• What this task involves
Could you write out exactly, and only, the lines from the one containing "Silk 3Piece Printed Kaftan Set HF-402" through the last line of the data, leaving out all pictures?

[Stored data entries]

====

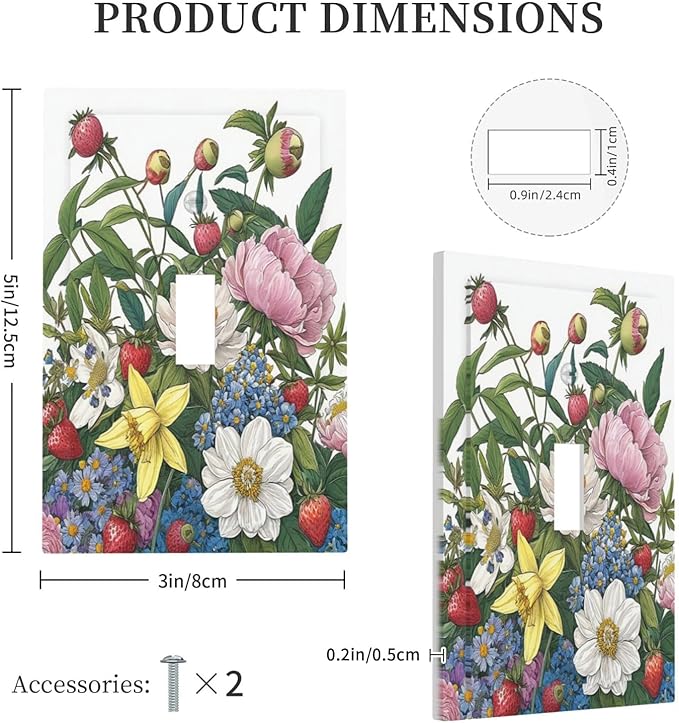Spring Watercolor Flower Plant Strawberry Peony Floral Decorative Light Switch Cover 1 Gang Single Toggle Device Electrical Faceplate Switchplates Decorator Outlet Wall Plate for Bedroom living Room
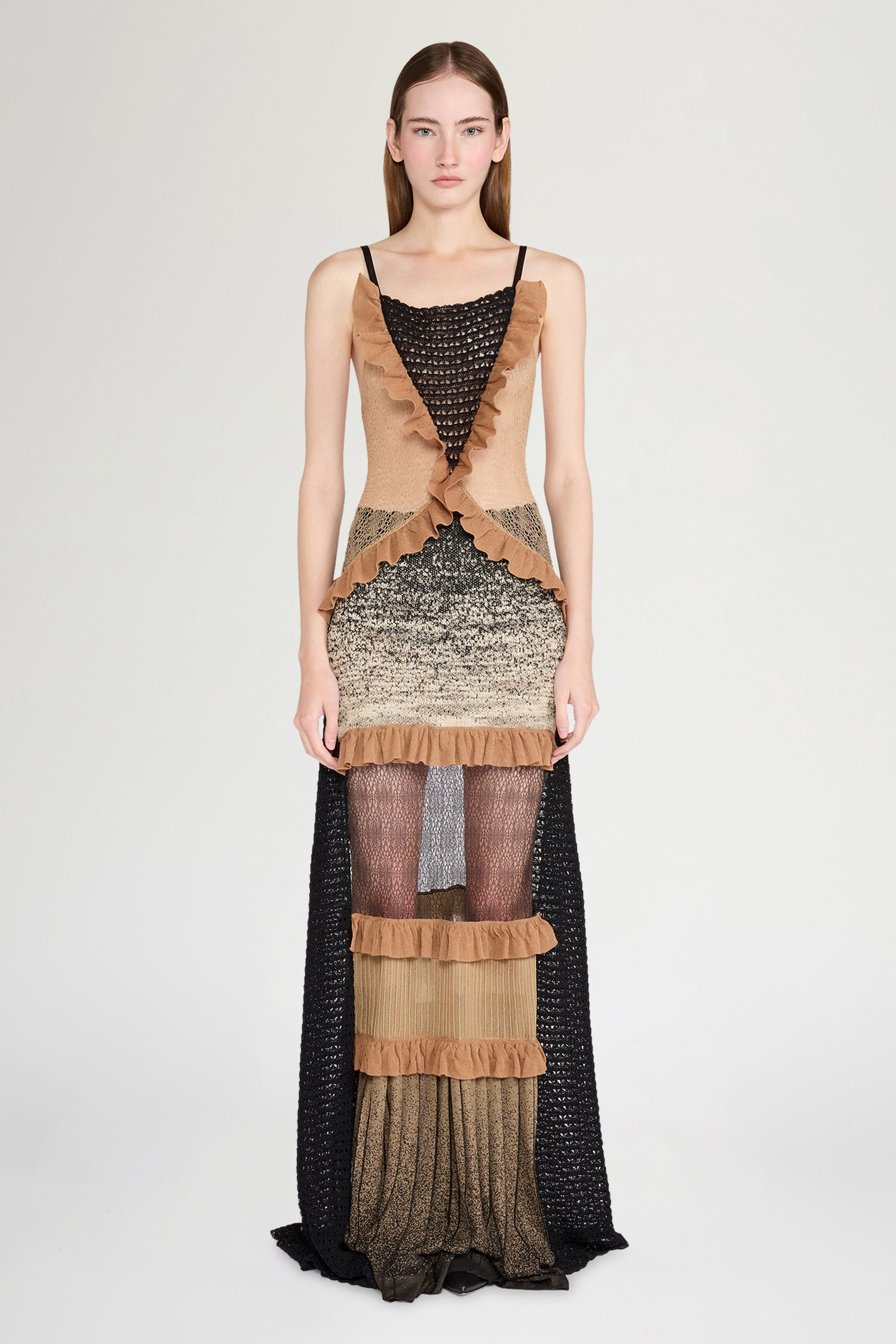 Patchwork Knit Slip Dress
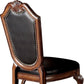 Set of Two Black and Redwood Upholstered Faux Leather And Solid Wood Dining Side Chairs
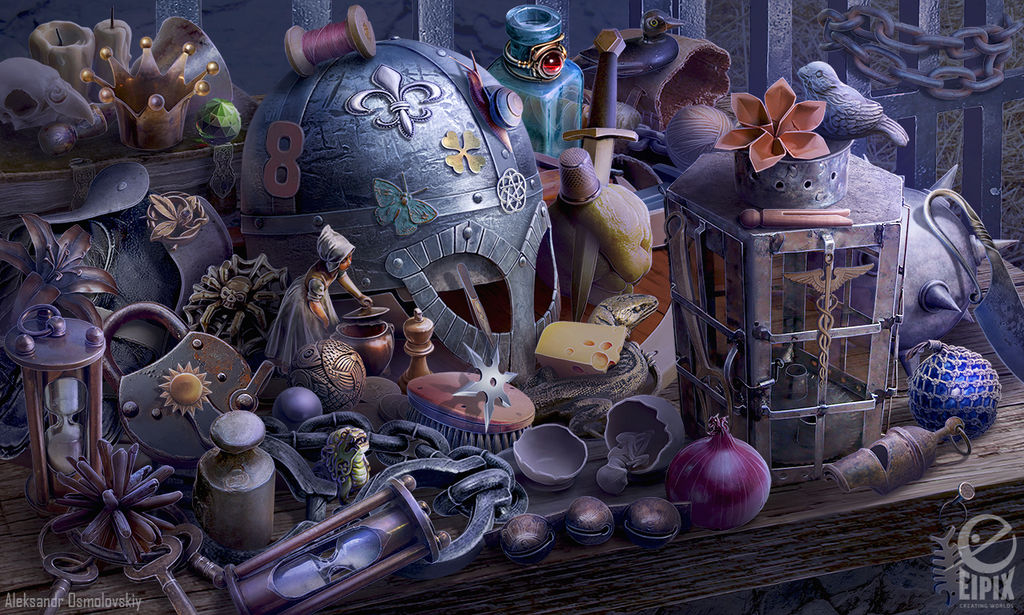 Hidden object scene - Bailiffs table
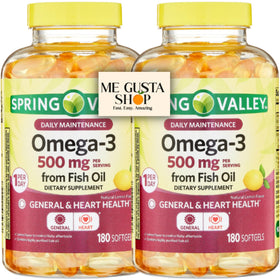 ME GUSTA SHOP Omega 3 500mg 180 gélules d'huile de poisson face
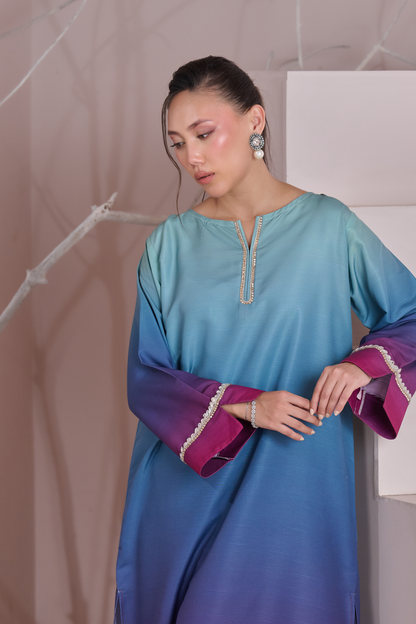 Silk 3Piece Printed Kaftan Set HF-402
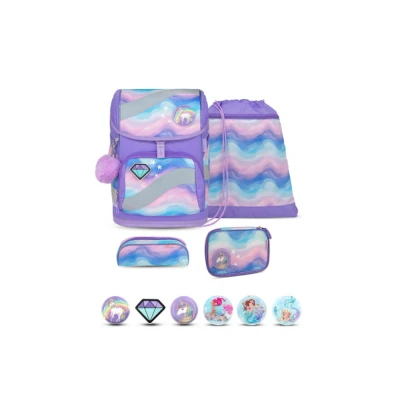 Abbildung von Belmil Smarty Schulranzen Set 5 teilig Rainbow Land mit Brustgurt, Hüftgurt, Magnetverschluss, Patch 6 Stück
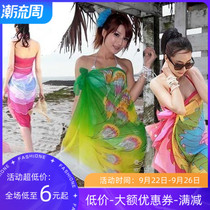 Bikini wrapped beach towel gauze coat female summer Joker long gauze dress gauze silk scarf 2 pieces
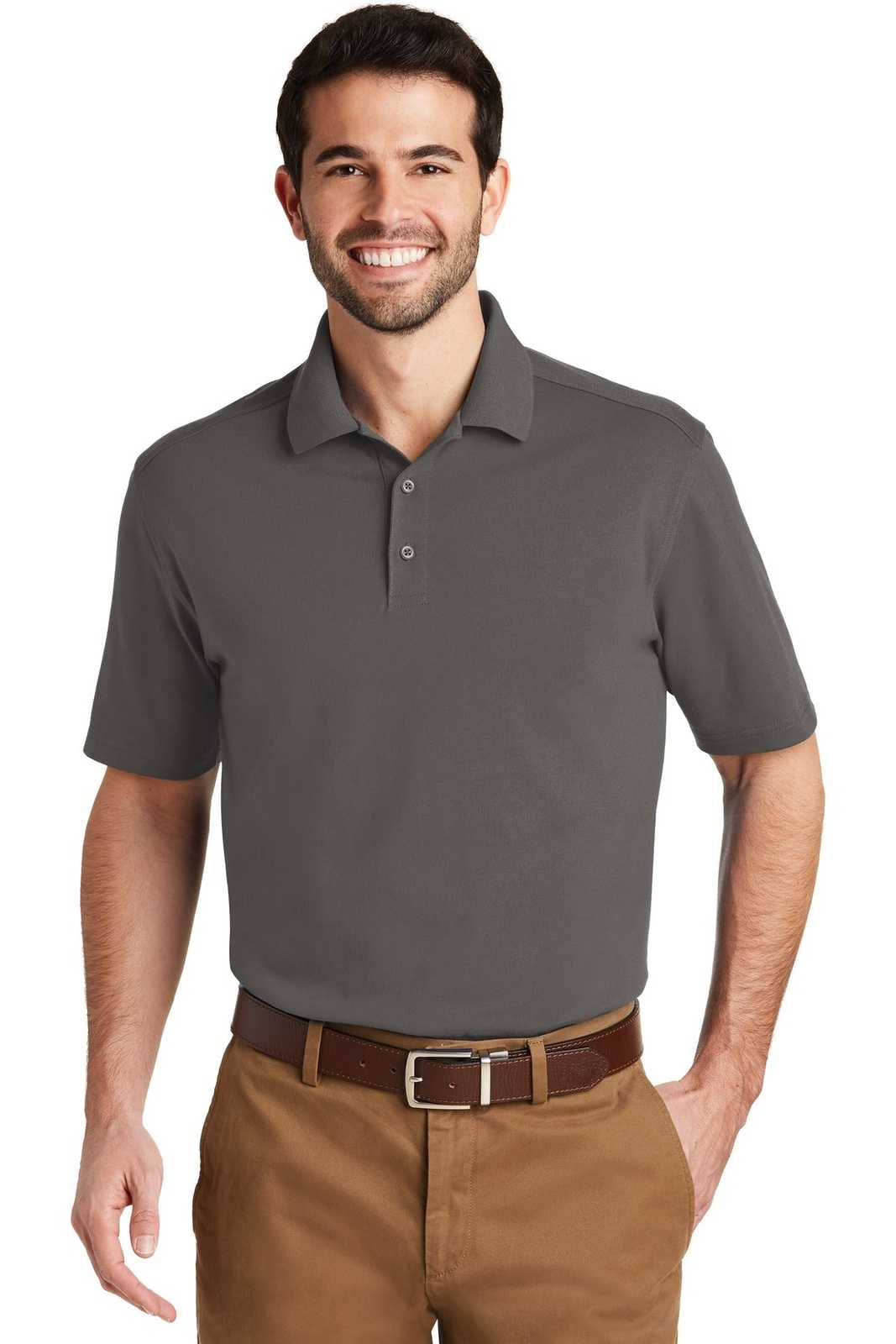 Port Authority K164 SuperPro Knit Polo - Sterling Gray - HIT a Double - 1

====

• Answer to this exercise
 Silk 3Piece Printed Kaftan Set HF-402
 Abbildung von Belmil Smarty Schulranzen Set 5 teilig Rainbow Land mit Brustgurt, Hüftgurt, Magnetverschluss, Patch 6 Stück
 Bikini wrapped beach towel gauze coat female summer Joker long gauze dress gauze silk scarf 2 pieces
 Port Authority K164 SuperPro Knit Polo - Sterling Gray - HIT a Double - 1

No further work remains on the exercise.